Some 68.8% of US equity managers lagged the S&P Composite 1500 over the one-year period to 31 December 2018, the fourth worst year on record for active managers behind 2014, 2011 and 2015.
Furthermore, for the ninth year in a row, the majority of large-cap funds underperformed the S&P 500, with just 35.5% outperforming the benchmark.
Small-cap managers also struggled in the more volatile market last year with 68.5% of funds falling behind the S&P SmallCap 600. Small-cap value and small-cap core funds were particularly poor with just 16.7% and 12.4% of managers outperforming their benchmarks, respectively.
Aye Soe, managing director, global research and design, at SPDJI and co-author of the report, said the results highlight that heightened market volatility does not necessarily result in improved relative performance for active managers.

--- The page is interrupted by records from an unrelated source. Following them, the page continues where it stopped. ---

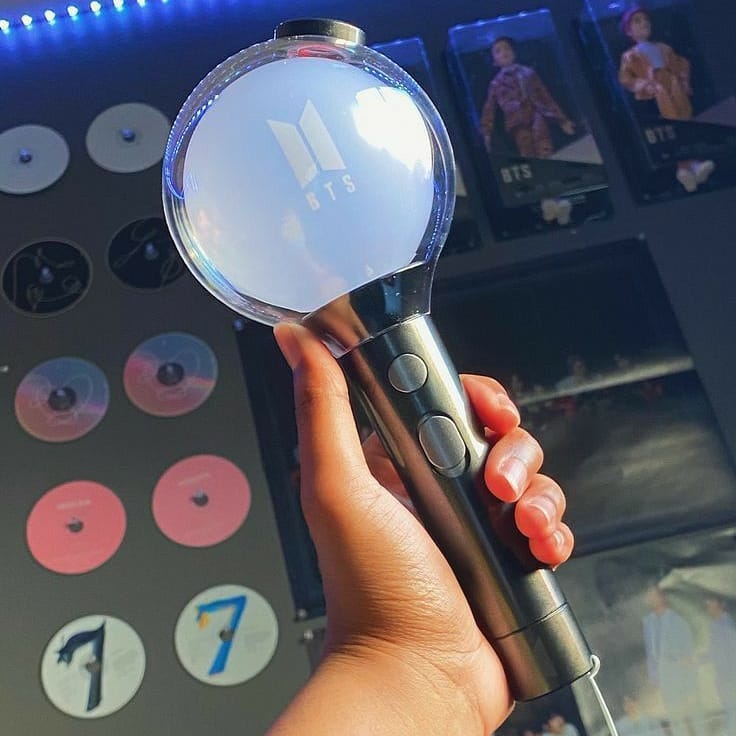 realminshop's tweet photo. [Pre🇰🇷] #BTS - Official Light Stick Special Edition

☄️ราคา 1,550฿

📦 ค่าส่ง 80฿ (ต่อไป + 10฿)

🚢สินค้าพรีส่งทางเรือ รอ 15 - 20 days หลังบ้านเกาส่งกลับ🥺

📲สอบถามสั่งซื้อ ไลน์ @005qfskt (มี@)

#มี่บอมบ์ #ตลาดนัดbts #อัลบั้มbts #ตลาดนัดรถไฟบังทัน #ตลาดนัดรถไฟบังทัน #แท่งไฟBTS https://t.co/BAO9JJtx1M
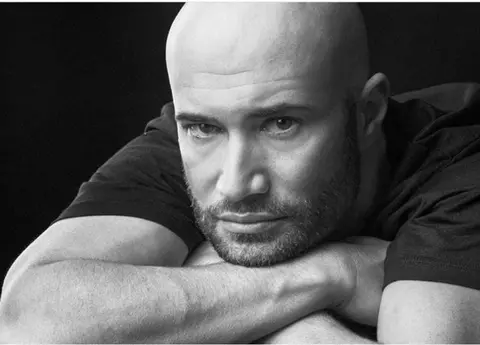 Blocul în care locuiește Mihai Bendeac a fost cuprins de flăcări. Declarațiile actorului: ”M-am speriat îngrozitor”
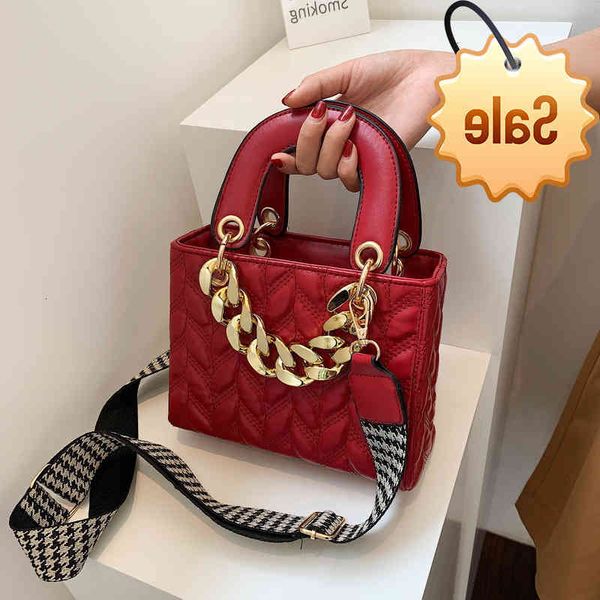 dai fei mini female 2021 new fashion chain portable small square bag high-grade one shoulder messenger
dai fei mini female 2021 new fashion chain portable small square bag high-grade one shoulder messenger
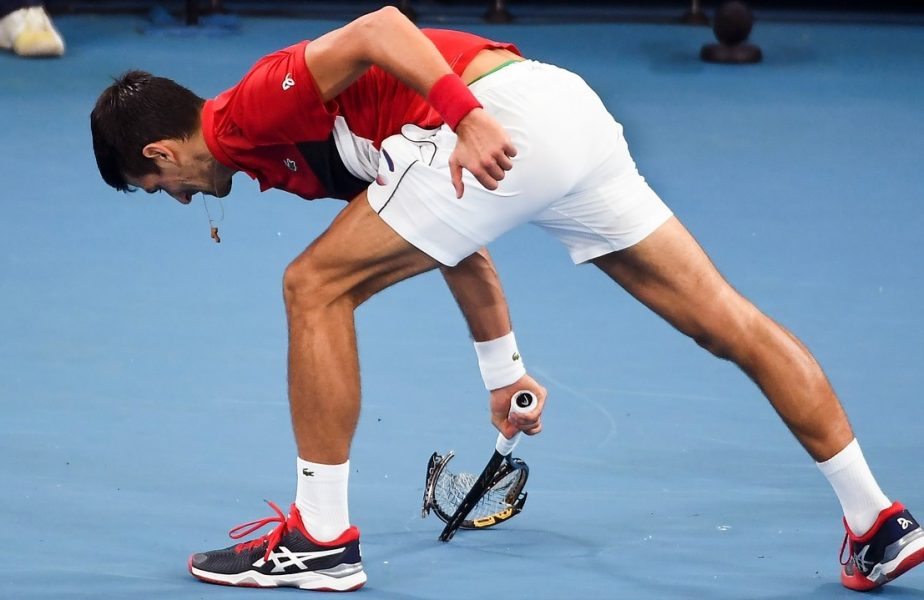 Novak Djokovic, o nouă criză de nervi pe terenul de tenis. Şi-a făcut praf racheta după ce arbitrul l-a confundat cu Federer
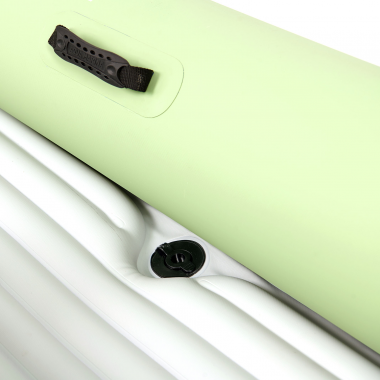 Каяк надувной трехместный с веслами Aqua Marina betta-475 (475х80) Каяк надувной трехместный с веслами Aqua Marina betta-475 (475х80)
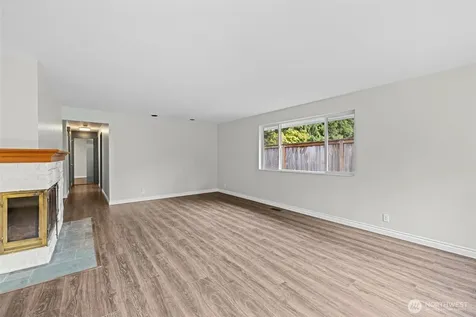 2157 N 122nd Street Seattle WA 98133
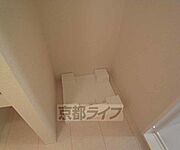 脱衣所に洗濯機が置けます。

A bright spot for active management was in US mid-cap funds for the second consecutive year with 84.4% of managers beating the S&P MidCap 400 Growth. Meanwhile, US large-cap value funds also performed well with 54% beating the S&P 500 Value.
It was a challenging year for international equity funds as well, with 70.6% of global funds underperforming the S&P Global 1200, while 78.1% emerging market funds failed to beat the S&P/IFCI Composite index.
In the fixed income space, short-dated funds struggled amid uncertainty over the future of Federal Reserve policy with 87% of government short funds underperforming the Barclays US Government (1-3 Year) index last year.
However, there was a dramatic improvement in performance towards the longer end of the curve in 2018 with 83% of government long managers beating their benchmark and 90.9% of investment-grade long funds outperforming theirs.
Results for SPDJI's SPIVA Europe scorecard are expected to be revealed in early April.